What does "$\frac{1}{0^{+}}=+\infty$" in the brackets mean in this context? Why isn't it undefined? If I am proving the case that $\varlimsup_{n \rightarrow \infty} a_{n}$ = $0$, can I say that it is equal to $0^+$ so that I can make the factor to become $+\infty$ ?
In the brackets you see the definitions. That is why it is not undefined. These definitions are standard for the positive extended real number line. (https://en.wikipedia.org/wiki/Extended_real_number_line#Arithmetic_operations)

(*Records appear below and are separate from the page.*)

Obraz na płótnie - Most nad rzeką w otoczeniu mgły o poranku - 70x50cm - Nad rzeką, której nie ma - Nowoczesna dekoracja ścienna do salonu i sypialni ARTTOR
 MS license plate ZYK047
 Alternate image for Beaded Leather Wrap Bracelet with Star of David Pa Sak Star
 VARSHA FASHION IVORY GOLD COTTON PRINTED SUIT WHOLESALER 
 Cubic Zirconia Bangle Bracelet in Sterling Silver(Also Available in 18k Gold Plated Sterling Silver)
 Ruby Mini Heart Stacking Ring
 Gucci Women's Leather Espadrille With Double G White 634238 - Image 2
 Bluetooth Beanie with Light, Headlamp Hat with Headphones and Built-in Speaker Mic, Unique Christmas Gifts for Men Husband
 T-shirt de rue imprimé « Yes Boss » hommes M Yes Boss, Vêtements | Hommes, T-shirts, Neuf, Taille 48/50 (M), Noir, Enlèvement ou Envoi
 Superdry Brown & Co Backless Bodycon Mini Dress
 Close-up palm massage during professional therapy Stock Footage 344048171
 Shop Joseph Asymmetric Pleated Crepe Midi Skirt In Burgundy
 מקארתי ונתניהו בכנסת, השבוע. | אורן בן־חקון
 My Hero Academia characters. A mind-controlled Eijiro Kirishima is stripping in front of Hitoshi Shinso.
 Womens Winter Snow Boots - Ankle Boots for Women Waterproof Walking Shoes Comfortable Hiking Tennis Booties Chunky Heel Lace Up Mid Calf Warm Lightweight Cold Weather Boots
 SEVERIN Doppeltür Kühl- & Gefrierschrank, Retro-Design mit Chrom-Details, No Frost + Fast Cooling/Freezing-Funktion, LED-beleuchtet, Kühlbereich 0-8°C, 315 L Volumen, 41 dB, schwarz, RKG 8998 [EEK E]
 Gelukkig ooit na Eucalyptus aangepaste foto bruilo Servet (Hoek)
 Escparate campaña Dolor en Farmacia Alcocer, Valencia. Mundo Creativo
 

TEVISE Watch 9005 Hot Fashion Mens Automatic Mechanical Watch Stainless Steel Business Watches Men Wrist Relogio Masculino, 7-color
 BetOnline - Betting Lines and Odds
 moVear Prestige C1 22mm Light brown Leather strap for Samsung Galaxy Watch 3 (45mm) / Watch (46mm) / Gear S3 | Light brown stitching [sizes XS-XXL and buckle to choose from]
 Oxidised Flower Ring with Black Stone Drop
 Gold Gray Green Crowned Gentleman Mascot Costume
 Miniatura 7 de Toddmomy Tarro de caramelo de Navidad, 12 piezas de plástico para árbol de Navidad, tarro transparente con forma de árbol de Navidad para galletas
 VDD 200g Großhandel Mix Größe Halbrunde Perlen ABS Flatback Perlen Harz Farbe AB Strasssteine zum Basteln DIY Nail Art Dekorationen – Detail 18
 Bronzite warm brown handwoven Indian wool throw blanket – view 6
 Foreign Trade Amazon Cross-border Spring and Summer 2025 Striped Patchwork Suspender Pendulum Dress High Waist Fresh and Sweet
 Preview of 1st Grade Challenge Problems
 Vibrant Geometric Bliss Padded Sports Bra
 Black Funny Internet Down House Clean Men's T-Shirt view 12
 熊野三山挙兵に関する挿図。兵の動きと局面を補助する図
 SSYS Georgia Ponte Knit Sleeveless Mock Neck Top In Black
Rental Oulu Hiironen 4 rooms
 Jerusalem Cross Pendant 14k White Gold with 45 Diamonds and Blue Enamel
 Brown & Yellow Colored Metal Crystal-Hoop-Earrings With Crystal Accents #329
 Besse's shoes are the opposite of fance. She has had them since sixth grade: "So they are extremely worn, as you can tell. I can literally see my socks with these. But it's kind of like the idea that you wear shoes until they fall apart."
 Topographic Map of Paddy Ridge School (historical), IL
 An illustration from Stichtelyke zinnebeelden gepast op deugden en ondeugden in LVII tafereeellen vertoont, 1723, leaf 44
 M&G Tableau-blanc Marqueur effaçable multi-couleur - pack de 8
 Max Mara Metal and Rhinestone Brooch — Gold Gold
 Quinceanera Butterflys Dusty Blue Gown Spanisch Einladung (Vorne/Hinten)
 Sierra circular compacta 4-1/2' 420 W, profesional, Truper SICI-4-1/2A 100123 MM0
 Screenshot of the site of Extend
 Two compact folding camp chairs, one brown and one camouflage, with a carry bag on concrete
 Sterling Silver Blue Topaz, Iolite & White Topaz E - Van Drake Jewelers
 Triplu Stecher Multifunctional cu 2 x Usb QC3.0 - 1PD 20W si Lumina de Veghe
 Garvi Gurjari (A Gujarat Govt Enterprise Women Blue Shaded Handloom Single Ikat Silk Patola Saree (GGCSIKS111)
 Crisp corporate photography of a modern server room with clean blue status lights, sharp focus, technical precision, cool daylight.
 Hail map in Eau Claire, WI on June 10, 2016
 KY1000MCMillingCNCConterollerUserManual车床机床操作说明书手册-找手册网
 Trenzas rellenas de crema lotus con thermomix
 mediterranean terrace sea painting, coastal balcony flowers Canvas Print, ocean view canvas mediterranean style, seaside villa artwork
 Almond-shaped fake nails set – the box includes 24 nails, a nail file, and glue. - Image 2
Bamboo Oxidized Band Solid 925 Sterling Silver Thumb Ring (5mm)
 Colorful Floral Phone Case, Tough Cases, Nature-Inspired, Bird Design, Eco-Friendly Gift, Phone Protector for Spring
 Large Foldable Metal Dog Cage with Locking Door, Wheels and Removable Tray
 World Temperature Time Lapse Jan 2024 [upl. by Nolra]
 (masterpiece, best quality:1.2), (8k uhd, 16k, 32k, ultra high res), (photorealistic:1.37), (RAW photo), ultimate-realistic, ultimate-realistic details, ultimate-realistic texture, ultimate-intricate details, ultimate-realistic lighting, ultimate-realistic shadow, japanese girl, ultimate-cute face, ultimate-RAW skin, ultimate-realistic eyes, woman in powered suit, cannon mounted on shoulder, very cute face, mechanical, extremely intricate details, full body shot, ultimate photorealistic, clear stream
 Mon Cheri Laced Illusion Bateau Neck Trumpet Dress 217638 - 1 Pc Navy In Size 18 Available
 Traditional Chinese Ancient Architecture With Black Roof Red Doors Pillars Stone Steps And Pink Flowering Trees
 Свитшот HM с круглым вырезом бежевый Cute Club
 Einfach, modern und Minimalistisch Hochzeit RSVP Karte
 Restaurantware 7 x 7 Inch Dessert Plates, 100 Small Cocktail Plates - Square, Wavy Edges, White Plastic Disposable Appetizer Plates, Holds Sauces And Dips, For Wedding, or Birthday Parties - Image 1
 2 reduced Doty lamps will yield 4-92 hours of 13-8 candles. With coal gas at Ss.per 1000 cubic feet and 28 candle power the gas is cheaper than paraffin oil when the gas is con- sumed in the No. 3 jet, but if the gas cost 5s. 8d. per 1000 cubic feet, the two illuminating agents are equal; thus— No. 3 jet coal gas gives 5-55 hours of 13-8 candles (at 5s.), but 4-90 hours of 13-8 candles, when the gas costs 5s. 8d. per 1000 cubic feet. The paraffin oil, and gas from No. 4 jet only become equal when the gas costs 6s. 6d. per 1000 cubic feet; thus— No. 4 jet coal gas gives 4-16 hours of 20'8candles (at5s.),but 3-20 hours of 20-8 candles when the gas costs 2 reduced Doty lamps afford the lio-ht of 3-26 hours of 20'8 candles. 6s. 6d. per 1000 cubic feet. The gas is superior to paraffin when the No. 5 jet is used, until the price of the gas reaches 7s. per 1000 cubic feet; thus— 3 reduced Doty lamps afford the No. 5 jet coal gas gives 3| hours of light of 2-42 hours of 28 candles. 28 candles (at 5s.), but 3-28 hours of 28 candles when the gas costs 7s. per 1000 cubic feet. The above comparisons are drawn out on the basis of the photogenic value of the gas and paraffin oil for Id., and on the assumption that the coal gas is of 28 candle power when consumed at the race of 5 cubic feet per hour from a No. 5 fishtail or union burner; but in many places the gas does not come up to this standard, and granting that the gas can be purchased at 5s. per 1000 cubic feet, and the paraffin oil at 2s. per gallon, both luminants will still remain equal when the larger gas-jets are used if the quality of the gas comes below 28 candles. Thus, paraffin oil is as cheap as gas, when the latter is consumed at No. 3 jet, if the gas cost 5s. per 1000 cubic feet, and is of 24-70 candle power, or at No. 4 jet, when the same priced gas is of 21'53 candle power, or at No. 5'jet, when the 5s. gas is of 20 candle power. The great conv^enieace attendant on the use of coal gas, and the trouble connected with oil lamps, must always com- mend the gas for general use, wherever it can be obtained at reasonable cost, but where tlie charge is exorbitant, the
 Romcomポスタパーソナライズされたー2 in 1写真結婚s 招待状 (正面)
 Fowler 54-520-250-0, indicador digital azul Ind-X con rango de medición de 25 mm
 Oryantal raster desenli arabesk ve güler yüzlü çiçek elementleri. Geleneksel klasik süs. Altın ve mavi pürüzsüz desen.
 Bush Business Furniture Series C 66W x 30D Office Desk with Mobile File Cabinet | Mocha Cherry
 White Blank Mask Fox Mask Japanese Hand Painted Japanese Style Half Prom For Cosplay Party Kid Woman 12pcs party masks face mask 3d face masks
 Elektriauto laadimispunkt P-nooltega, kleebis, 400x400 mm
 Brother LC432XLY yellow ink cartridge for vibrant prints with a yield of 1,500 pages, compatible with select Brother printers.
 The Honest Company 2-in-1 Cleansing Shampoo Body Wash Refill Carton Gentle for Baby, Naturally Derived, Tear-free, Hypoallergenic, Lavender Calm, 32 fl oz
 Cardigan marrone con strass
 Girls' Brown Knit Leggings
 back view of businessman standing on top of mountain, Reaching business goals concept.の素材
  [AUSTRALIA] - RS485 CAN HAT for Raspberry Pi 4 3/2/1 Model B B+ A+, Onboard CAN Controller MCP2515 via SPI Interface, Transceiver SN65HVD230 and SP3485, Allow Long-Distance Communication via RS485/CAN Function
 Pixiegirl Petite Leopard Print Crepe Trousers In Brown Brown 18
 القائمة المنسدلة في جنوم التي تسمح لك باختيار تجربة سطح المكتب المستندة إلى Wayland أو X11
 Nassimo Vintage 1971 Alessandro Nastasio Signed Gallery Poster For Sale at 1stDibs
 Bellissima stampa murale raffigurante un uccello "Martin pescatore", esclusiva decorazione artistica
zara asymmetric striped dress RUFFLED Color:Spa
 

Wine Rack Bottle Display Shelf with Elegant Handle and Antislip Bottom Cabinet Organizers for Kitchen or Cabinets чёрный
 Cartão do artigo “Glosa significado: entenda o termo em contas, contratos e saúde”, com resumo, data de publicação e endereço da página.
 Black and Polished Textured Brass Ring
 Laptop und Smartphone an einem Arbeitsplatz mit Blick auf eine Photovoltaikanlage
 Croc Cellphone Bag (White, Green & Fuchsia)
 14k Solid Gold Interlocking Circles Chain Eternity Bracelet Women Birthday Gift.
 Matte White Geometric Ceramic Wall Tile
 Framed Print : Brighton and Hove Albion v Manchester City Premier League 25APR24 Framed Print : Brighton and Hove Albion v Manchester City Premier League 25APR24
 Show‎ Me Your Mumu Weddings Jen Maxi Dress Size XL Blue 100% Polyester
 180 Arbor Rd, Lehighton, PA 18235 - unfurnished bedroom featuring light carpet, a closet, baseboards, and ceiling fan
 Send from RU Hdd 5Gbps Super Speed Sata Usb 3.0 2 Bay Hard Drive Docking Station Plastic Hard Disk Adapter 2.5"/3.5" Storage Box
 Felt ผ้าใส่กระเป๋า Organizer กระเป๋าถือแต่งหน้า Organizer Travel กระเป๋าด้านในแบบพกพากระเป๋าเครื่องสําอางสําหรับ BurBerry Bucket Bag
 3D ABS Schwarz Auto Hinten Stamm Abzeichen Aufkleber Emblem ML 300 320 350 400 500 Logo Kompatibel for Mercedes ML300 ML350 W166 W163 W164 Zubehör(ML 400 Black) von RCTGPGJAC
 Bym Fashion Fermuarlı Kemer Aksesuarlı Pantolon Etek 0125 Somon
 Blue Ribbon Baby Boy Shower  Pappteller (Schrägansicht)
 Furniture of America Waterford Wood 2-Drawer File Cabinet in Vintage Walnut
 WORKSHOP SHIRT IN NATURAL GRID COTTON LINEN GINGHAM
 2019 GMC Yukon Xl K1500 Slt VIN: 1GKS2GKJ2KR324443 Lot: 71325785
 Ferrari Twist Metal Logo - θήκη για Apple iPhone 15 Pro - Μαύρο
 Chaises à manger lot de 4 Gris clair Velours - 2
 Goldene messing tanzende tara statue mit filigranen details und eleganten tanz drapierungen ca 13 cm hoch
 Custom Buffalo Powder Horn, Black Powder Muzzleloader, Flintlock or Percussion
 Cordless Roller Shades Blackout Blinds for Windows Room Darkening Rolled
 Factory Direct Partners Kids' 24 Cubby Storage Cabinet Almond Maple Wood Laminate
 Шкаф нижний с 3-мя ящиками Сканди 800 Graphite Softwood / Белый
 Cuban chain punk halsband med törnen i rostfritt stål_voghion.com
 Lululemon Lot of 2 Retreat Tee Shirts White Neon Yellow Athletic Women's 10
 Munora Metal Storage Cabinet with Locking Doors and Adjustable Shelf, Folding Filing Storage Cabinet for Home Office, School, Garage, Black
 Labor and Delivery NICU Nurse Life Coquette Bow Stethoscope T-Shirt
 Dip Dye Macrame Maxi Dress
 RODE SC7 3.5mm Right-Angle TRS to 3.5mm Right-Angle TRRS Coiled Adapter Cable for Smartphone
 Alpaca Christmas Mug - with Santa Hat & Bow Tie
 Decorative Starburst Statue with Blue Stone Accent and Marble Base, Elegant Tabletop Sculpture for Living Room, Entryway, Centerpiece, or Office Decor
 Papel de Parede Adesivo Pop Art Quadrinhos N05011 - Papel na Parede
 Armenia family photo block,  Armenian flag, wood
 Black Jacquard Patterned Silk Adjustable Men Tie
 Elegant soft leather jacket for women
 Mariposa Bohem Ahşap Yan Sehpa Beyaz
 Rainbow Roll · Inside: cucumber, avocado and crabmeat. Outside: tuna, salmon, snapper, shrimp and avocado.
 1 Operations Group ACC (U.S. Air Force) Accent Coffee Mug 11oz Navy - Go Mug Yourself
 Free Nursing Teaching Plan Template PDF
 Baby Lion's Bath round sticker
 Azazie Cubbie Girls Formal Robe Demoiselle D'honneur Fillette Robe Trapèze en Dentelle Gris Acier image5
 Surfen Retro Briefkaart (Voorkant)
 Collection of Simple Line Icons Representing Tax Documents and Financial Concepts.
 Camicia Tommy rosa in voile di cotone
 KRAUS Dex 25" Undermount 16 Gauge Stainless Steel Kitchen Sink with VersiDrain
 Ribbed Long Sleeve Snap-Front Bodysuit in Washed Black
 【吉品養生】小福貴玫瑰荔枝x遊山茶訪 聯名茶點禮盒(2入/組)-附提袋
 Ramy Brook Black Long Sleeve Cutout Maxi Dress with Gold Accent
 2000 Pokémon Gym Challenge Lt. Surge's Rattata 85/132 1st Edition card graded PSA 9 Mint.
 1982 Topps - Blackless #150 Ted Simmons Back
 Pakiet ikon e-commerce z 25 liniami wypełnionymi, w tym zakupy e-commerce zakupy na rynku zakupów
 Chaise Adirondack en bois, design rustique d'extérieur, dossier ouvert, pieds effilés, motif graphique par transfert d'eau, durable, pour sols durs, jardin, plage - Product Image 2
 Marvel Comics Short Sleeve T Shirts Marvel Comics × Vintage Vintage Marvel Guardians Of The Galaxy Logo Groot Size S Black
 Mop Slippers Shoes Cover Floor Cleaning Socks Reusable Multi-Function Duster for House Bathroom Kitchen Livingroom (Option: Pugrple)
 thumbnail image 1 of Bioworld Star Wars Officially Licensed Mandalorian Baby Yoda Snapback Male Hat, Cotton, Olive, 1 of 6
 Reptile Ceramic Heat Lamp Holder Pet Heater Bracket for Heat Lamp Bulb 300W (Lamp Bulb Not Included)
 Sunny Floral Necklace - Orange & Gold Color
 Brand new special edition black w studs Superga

It is when $\varlimsup_{n \rightarrow \infty} a_{n}$ = $0$ that the in-context meaning of $\frac{1}{0^{+}}=+\infty$ becomes clear, recalling that your sequence is positive. Your first task is then to show that $$\varliminf_{n \rightarrow \infty} \frac{1}{a_{n}}=+\infty.$$
When $\varlimsup_{n \rightarrow \infty} a_{n}$ = $0$ the notation $0^+$ is appropriate, and makes sense, again keeping in mind that your sequence is positive.
Briefly, that answer to your last question is "yes".